With art, you can follow it, and not like some of it, and it still forms part of the total narrative of the artist. When the Fall are doing their churning records, I take the time and effort to forgive them, and posit records within the general [aesthetic] narrative of their art. They've always been a garage band, and they've always eschewed [musical] experimentation (in the lay sense), but there's a lot of records, like Levitate, Reformation! or Are you are... where the parity of lyrics, the parity of content seems like a radical idea within the context of the Fall's art in general. I used to be able to forgive SY anything, but the bits that always grated with me - their half-assed postmodernism, the endless pseudo-beat aspirations, their 'hipster' borrowings and their sheer American-ness suddenly, to my mind, left them with zero content a few albums ago (please bear in mind that ATL is probably my second favourite record of theirs). The Fall I have more albums by, and I can still be arsed to seek out the genius in them; moreover, I can still be arsed to see that the duff bits as duff bits and still want to know what the mad old fucker's singing about.

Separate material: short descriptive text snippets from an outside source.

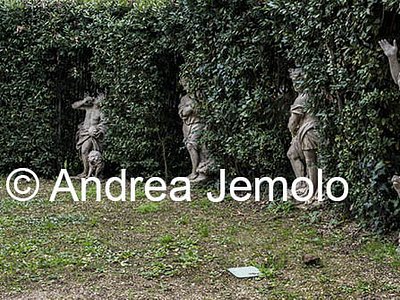 Villa Sciarra Esedra Arborea con le 12 statue di arenaria che raffigurano i mesi | Andrea Jemolo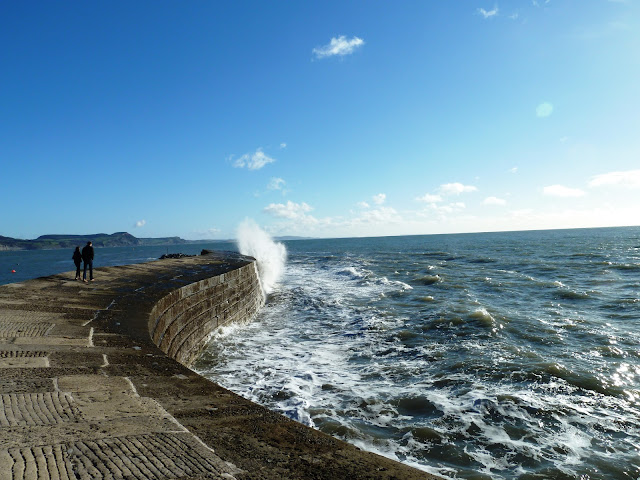 Primark dress, Urban Outfitters cardigan, No brand wellies, Pull&Bear coat, Tezenis tights, Kiko nail polish, Kiko milano, Lyme regis, Persuasion, Jane austen, sea, autumn, fall, mare, autunno, spiaggia, fossili, fossils, Kent, England, UK, giulesss, boy, girl, romantic, sun, sole, ragazza, vento, wind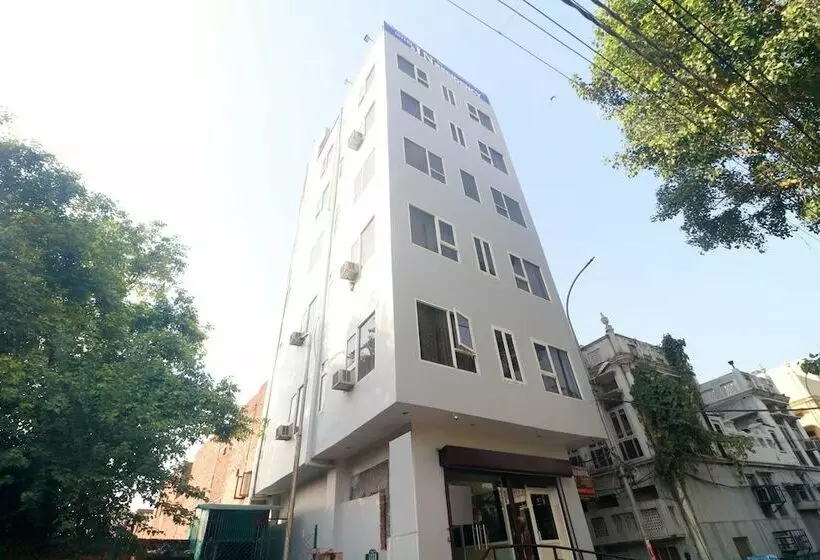 هتل Flagship Jn Residency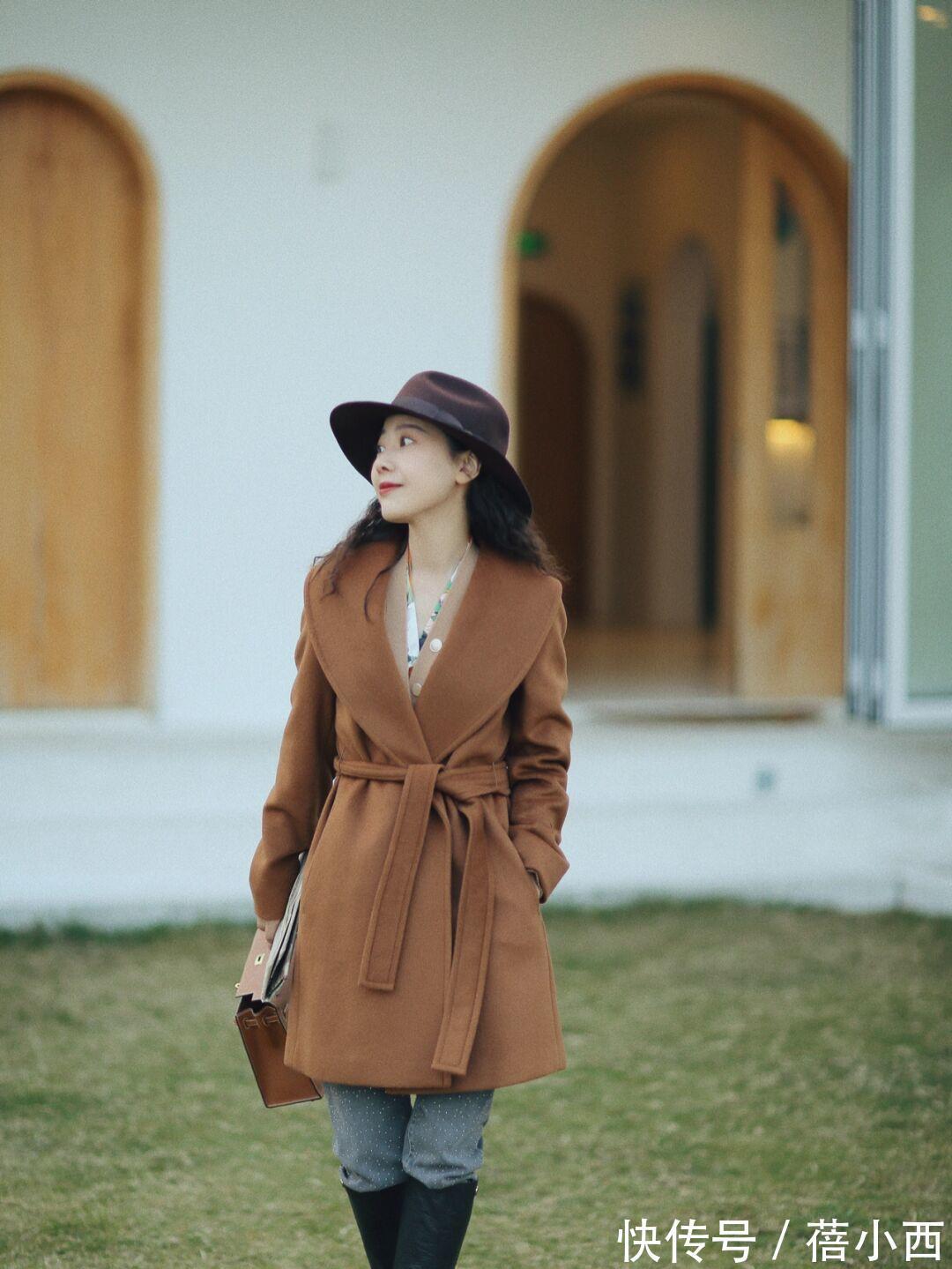 视觉效果|奔三奔四的女人,建议多穿“大地色大衣”,搭配裤子、裙子真高级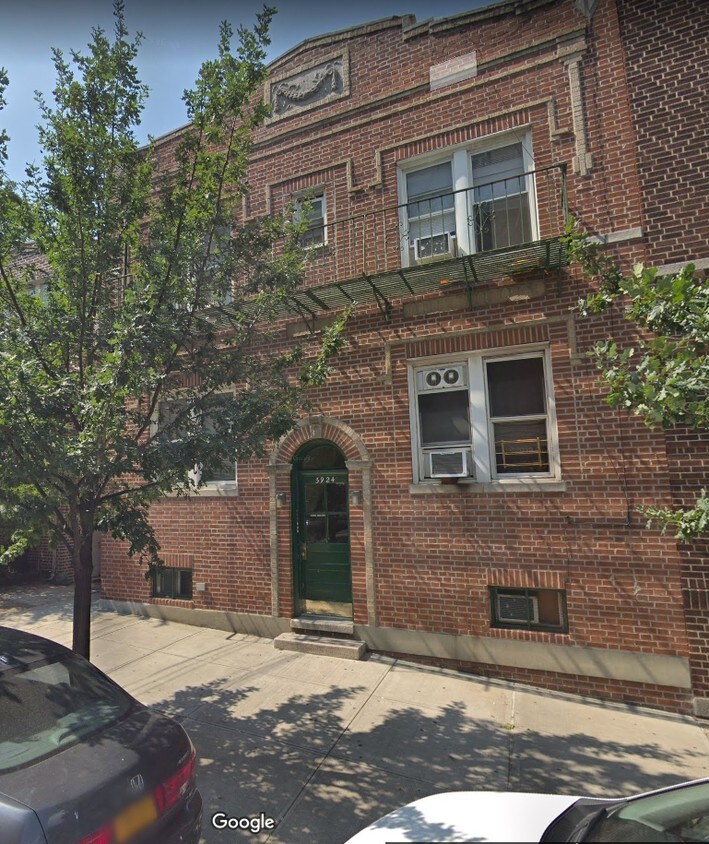 3924 65th St, Woodside, NY 11377 Apartments in Woodside, NY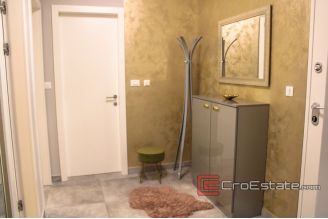 13 2024 70 Split apartment sea view for rent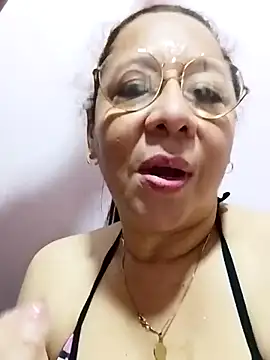 Snapshot of MATTHEW_MRANDA chatting on 11/10/25, 01:32 MATTHEW MRANDA online show from 11/10/25, 01:32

Also, with the Fall, in spite of having read a lot of the books that MES has, in spite of decyphering a lot of 'what they're about', perhaps confuse me more now than they did when I was a lot younger, and there's nothing, absolutely no-one in rock music I can say that about apart from the Fall.

Excuent Euloguous.

MES has used The Fall as a musical vessel to explore largely non-musical ideas, relating primarily to areas of literature and history. In itself, this wouldn't be enough but fortunately, MES's take on these areas has always been insightful enough to maintain my attention. Sonic Youth, on the other hand, are at their weakest when trying to do this. Their political statements are often at best banal - still too tied to a kind of Beat/counter-culture/punk dogma of teenage rebellion and anti-government posturing. As such, there is none of the subtlety or originality in Sonic Youth's world-view that is found throughout The Fall's long history.